The sizes of pages are relatively small and so the size of page table increases as the size of
process increases. Therefore, size of page table could be unacceptably high.
To overcome this problem, most virtual memory scheme store page table in virtual memory rather
than in real memory.
This means that the page table is subject to paging just as other pages are.
When a process is running, at least a part of its page table must be in main memory, including the
page table entry of the currently executing page.
A virtual address translation scheme by using page table is shown in the Figure 3.25.
Figure 3.24: Virtual Memory Organization. Each virtual address generated by the processor is
interpreted as virtual page number (high order list) followed by an offset (lower order bits) that
specifies the location of a particular word within a page.
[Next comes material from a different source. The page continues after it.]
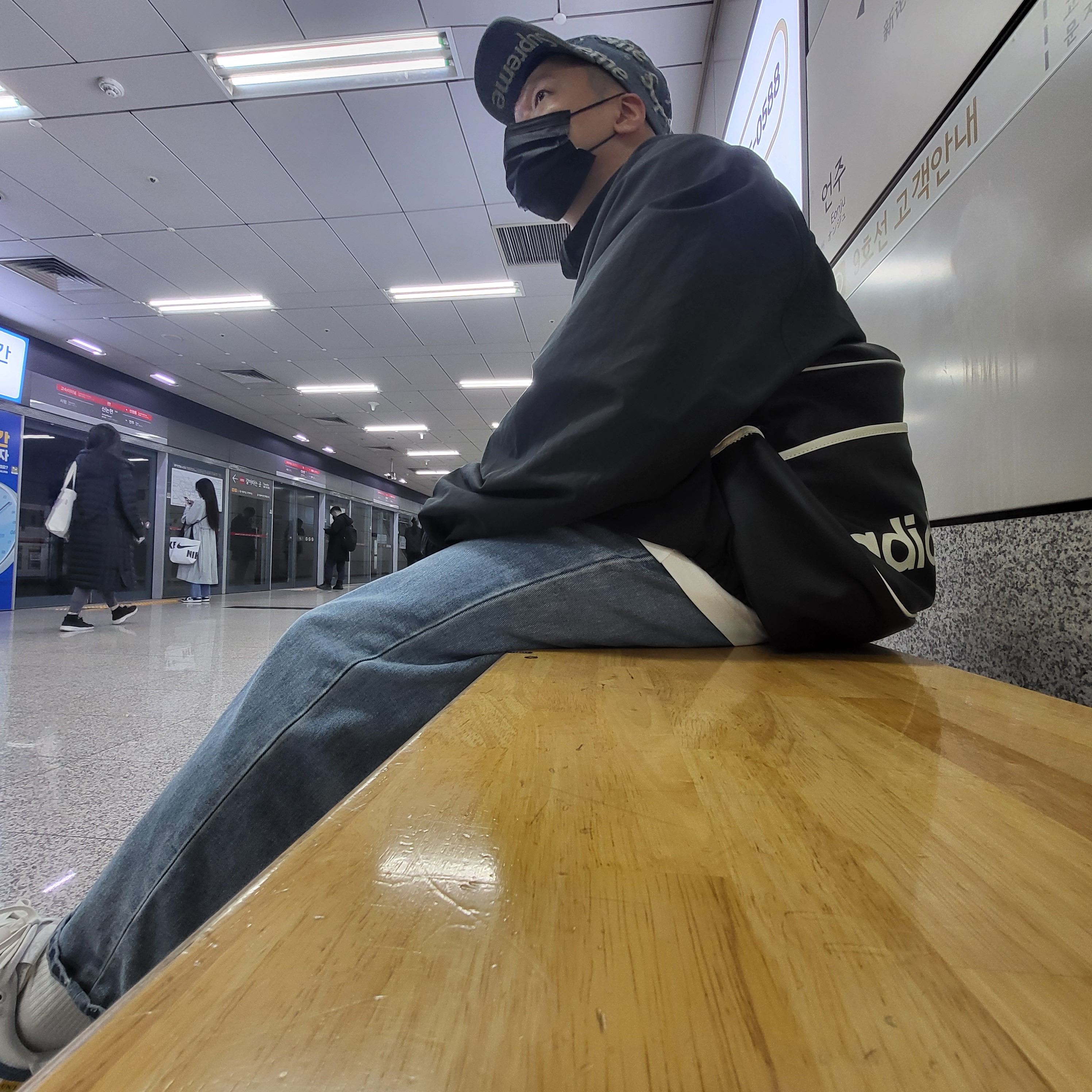 Jordan 1 x Union KO Low White, Essentials Track Jacket Black - 20FW 착용 스타일 - 2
Information about the main memory
location of each page kept in a page table.
Some processors make use of a two level scheme to organize large page tables.
In this scheme, there is a page directory, in which each entry points to a page table.
Thus, if the length of the page directory is X, and if the maximum length of a page table is Y, then
the process can consist of up to X * Y pages.
Typically, the maximum length of page table is restricted to the size of one page frame. Inverted
page table structures
There is one entry in the hash table and the inverted page table for each real memory page rather
than one per virtual page.
Thus a fixed portion of real memory is required for the page table, regardless of the number of
processes or virtual page supported.
Because more than one virtual address may map into the hash table entry, a chaining technique is
used for managing the overflow.
The hashing techniques results in chains that are typically short ? either one or two entries.
The inverted page table structure for address translation is shown in the Figure 3.26.
Every virtual memory reference can cause two physical memory accesses.
Thus a straight forward virtual memory scheme would have the effect of doubling the memory
access time.
To overcome this problem, most virtual memory schemes make use of a special cache for page
table entries, usually called Translation Lookaside Buffer (TLB).
This cache functions in the same way as a memory cache and contains those page table entries
that have been most recently used.
In addition to the information that constitutes a page table entry, the TLB must also include the
virtual address of the entry.
The Figure 3.27 shows a possible organization of a TLB whwere the associative mapping technique
is used.
An essential requirement is that the contents of the TLB be coherent with the contents of the page
table in the main memory.
When the operating system changes the contents of the page table it must simultaneously
invalidate the corresponding entries in the TLB. One of the control bits in the TLB is provided for
this purpose
Address Translation proceeds as follows:
Given a virtual address, the MMU looks in the TLB for the reference page.
If the page table entry for this page is found in the TLB, the physical address is obtained
immediately.
If there is a miss in the TLB, then the required entry is obtained from the page table in the
main memory and the TLB is updated.
When a program generates an access request to a page that is not in the main memory, a
page fault is said to have occurred.
The whole page must be brought from the disk into the memory before access can proceed.
When it detects a page fault, the MMU asks the operating system to intervene by raising an
exception.(interrupt).
Processing of active task is interrupted, and control is transferred to the operating system.